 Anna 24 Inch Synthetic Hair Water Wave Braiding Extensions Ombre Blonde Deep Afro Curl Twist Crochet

* * *

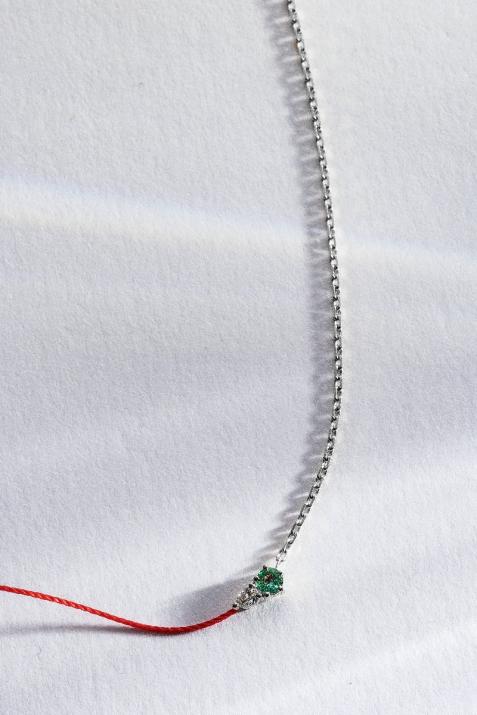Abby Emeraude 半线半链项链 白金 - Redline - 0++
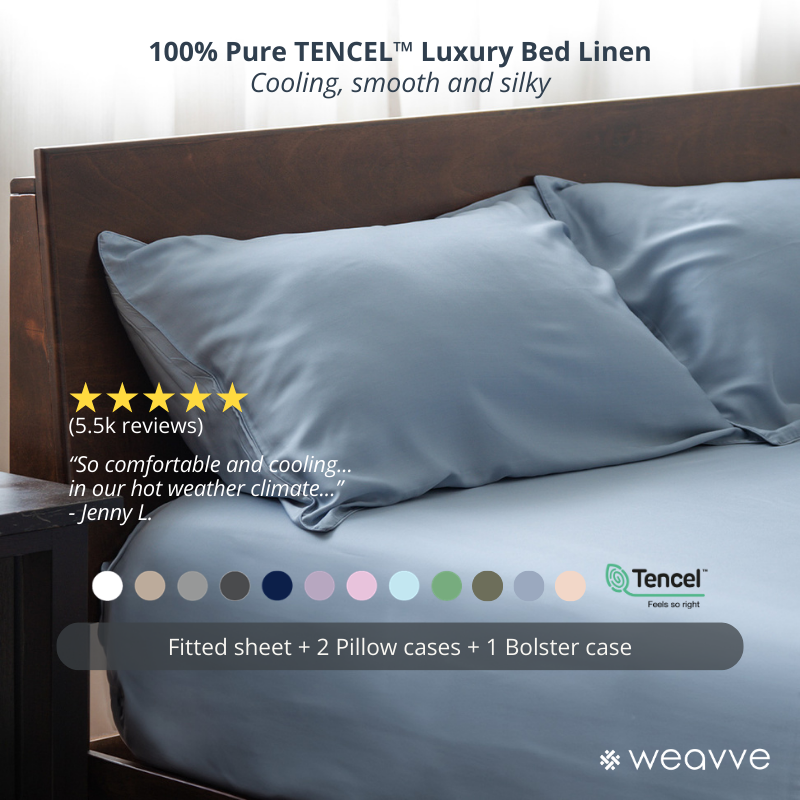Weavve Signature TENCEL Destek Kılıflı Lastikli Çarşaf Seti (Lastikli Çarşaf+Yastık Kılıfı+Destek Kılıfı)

■ WHAT THIS TASK INVOLVES
Could you transcribe exactly the entries above, but only the lines from the one with "Abby Emeraude 半线半链项链 白金 - Redline - 0++" through the one with "Weavve Signature TENCEL", and without pictures?

■ RESULT BELOW
Abby Emeraude 半线半链项链 白金 - Redline - 0++
Weavve Signature TENCEL Destek Kılıflı Lastikli Çarşaf Seti (Lastikli Çarşaf+Yastık Kılıfı+Destek Kılıfı)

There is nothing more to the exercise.